Dans cet arrêt du 23 octobre 2013, la Cour de cassation requalifie les contrats d'interim successifs en CDI aux motifs que le recours au travail temporaire avait eu pour objet ou pour effet de pourvoir durablement un emploi lié à l'activité normale et permanente de l'entreprise utilisatrice.

M. X., engagé par la société Randstad, a été mis à la disposition de la société Hélio Corbeil Québécor (société Hélio) en qualité de receveur dans le cadre de multiples contrats de mission du 15 mars 2004 au 25 septembre 2006 aux motifs de remplacement de salariés absents et d'accroissement d'activité temporaire.

Le salarié a saisi la juridiction prud'homale de diverses demandes.

La société Hélio a été placée en redressement judiciaire par jugement du 22 février 2011 et MM. A...et B...nommés administrateurs et Mme C...et M. D...nommés mandataires.

Dans un arrêt de la Cour d'Appel de Paris du 9 mai 2012, la Cour d'Appel a requalifié en un contrat à durée indéterminée les contrats de mission et de fixer au passif de la procédure collective diverses créances en résultant.

La société Hélio s'est pourvue en cassation ; dans un arrêt du 23 octobre 2013 (n°12-21-825), la Cour de cassation rejette le pourvoi de la société.

http://www.legifrance.gouv.fr/affichJuriJudi.do?oldAction=rechJuriJudi&i...

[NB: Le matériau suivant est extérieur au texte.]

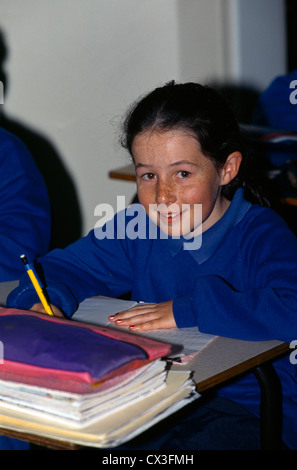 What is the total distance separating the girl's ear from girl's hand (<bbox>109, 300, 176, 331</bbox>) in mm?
363

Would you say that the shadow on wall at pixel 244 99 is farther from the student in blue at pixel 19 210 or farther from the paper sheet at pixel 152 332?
the paper sheet at pixel 152 332

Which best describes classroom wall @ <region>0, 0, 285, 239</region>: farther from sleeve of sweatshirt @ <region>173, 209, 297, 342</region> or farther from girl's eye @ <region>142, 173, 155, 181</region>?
sleeve of sweatshirt @ <region>173, 209, 297, 342</region>

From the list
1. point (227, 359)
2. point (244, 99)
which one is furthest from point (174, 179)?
point (244, 99)

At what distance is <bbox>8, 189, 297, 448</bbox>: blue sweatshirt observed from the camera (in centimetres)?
134

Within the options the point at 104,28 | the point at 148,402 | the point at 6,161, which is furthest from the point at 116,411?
the point at 104,28

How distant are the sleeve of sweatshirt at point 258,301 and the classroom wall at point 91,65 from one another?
1745mm

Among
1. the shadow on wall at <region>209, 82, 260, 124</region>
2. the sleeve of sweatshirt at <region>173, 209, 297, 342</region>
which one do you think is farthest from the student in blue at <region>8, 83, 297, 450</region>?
the shadow on wall at <region>209, 82, 260, 124</region>

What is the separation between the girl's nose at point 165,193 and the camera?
1517mm

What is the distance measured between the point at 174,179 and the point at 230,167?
175mm

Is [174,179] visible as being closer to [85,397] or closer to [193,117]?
[193,117]

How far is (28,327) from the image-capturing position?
1155 mm

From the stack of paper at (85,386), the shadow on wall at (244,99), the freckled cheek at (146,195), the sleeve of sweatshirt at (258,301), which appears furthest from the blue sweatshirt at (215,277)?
the shadow on wall at (244,99)

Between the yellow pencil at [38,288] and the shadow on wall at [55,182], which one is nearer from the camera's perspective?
the yellow pencil at [38,288]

La Cour de cassation relève qu'il résulte des articles L. 1251-36 et L. 1251-37 du code du travail qu'il ne peut être recouru pour pourvoir un même poste au sein de l'entreprise utilisatrice à des contrats de mission successifs que dans les hypothèses limitativement énumérées par le second de ces textes et notamment pour remplacer un salarié temporairement absent en cas de nouvelle absence du salarié remplacé, pour des emplois saisonniers ou pour des emplois pour lesquels il est d'usage constant de ne pas recourir aux contrats à durée indéterminée, pour remplacer l'une des personnes mentionnées aux 4° et 5° de l'article L. 1251-6 du code du travail.

Elle précise qu'il en résulte qu'un contrat de mission conclu pour le remplacement d'un salarié absent ne peut être immédiatement suivi d'un contrat de mission conclu pour un accroissement temporaire d'activité.

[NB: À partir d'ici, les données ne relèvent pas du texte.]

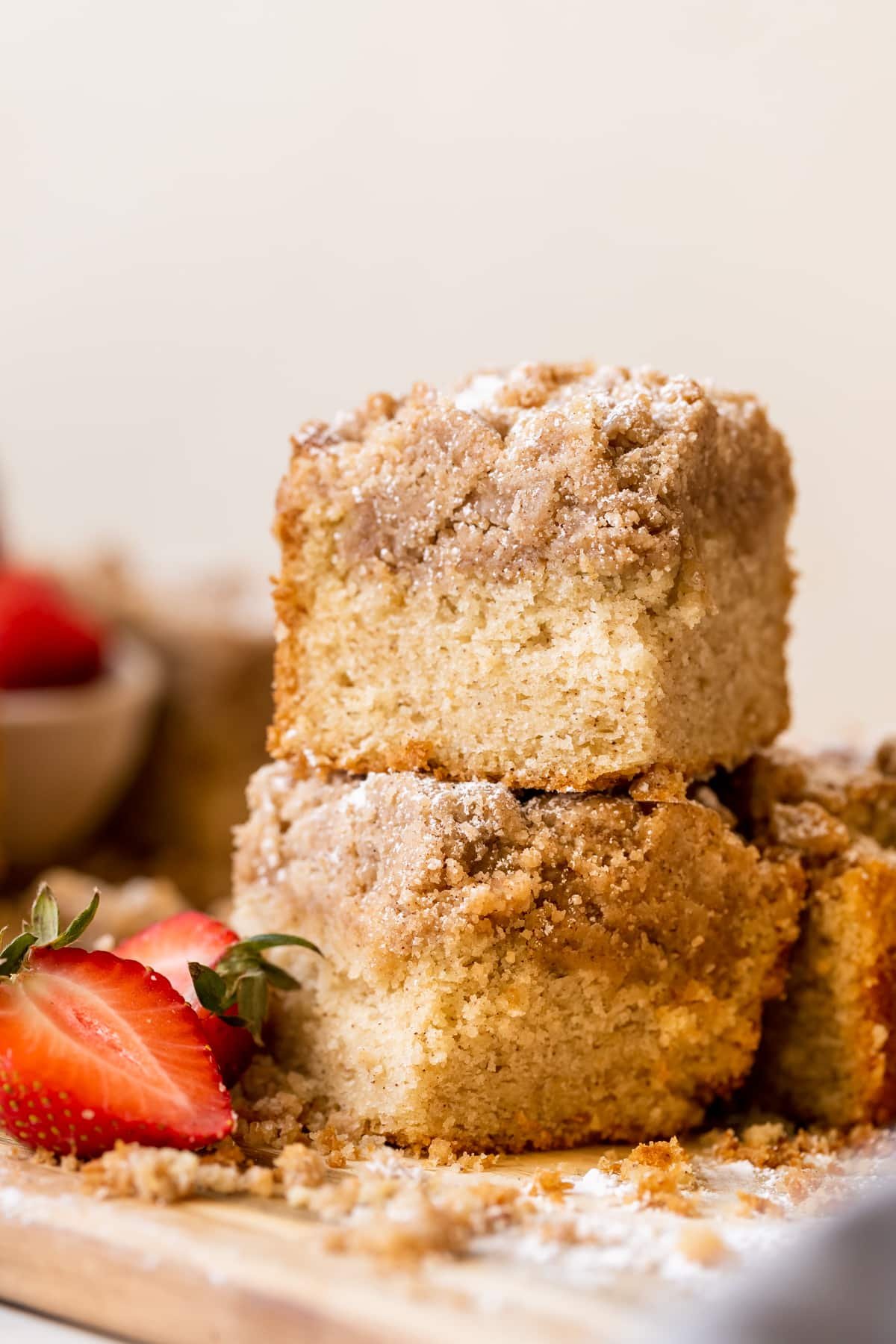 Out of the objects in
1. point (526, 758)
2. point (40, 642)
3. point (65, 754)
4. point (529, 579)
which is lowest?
point (65, 754)

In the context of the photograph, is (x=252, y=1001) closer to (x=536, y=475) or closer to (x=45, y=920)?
(x=45, y=920)

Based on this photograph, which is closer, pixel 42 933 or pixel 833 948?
pixel 42 933

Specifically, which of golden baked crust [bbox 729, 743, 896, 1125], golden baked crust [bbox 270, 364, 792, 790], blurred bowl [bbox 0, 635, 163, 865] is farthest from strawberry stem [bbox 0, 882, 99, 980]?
blurred bowl [bbox 0, 635, 163, 865]

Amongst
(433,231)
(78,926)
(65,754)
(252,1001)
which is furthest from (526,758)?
(433,231)

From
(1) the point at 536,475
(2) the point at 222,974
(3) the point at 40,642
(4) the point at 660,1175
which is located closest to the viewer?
(4) the point at 660,1175

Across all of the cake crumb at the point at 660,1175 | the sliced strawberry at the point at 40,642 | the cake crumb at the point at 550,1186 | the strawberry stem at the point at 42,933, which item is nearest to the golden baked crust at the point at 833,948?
the cake crumb at the point at 660,1175

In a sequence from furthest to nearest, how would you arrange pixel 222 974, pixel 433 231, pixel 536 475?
pixel 433 231, pixel 222 974, pixel 536 475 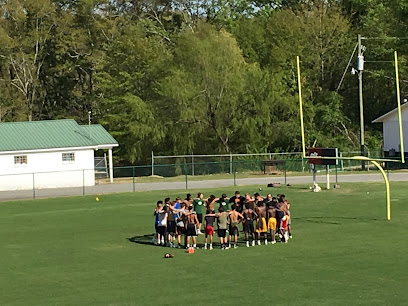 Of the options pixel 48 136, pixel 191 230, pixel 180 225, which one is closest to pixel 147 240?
pixel 180 225

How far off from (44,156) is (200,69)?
20486mm

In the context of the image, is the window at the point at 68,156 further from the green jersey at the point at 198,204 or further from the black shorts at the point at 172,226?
the black shorts at the point at 172,226

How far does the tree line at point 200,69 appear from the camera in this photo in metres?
69.4

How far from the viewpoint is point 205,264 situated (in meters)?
22.7

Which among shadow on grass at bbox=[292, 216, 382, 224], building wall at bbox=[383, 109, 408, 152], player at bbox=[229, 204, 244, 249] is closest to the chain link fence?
building wall at bbox=[383, 109, 408, 152]

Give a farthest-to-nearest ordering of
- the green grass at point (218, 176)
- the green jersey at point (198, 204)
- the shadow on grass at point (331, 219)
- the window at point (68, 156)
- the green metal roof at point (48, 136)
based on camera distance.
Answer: the green grass at point (218, 176) → the window at point (68, 156) → the green metal roof at point (48, 136) → the shadow on grass at point (331, 219) → the green jersey at point (198, 204)

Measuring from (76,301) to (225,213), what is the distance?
7.84 meters

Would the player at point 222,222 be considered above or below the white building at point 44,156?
below

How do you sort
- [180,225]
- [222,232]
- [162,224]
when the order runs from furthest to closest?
[162,224], [180,225], [222,232]

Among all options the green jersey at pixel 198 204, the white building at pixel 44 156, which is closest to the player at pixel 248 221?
the green jersey at pixel 198 204

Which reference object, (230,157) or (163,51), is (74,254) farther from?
A: (163,51)

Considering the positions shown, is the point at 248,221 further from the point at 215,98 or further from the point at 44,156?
the point at 215,98

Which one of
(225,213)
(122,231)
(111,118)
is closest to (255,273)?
(225,213)

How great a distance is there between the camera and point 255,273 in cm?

La Cour de cassation ajoute qu'ayant relevé que les contrats de mission s'étaient succédé quasiment sans interruption du 15 mars 2004 au 25 septembre 2006, au profit du même salarié pour pourvoir le même poste de receveur, avec la même qualification afin d'assurer le remplacement de salariés absents puis pour faire face à un accroissement temporaire d'activité, ce dernier motif ne rentrant pas dans le champ d'application de l'article L. 1251-37 du code du travail, la Cour d'appel, qui n'avait pas à répondre à des conclusions que ces constatations rendaient inopérantes, en a exactement déduit que le recours au travail temporaire avait eu pour objet ou pour effet de pourvoir durablement un emploi lié à l'activité normale et permanente de l'entreprise utilisatrice.

Cet arrêt doit être approuvé ; souvent les entreprises utilisatrices utilisent les salariés intérimaires pendant plusieurs années à un emploi relevant de l'activité normale et permanente de l'entreprise ; la conséquence est une requalification en CDI à temps plein.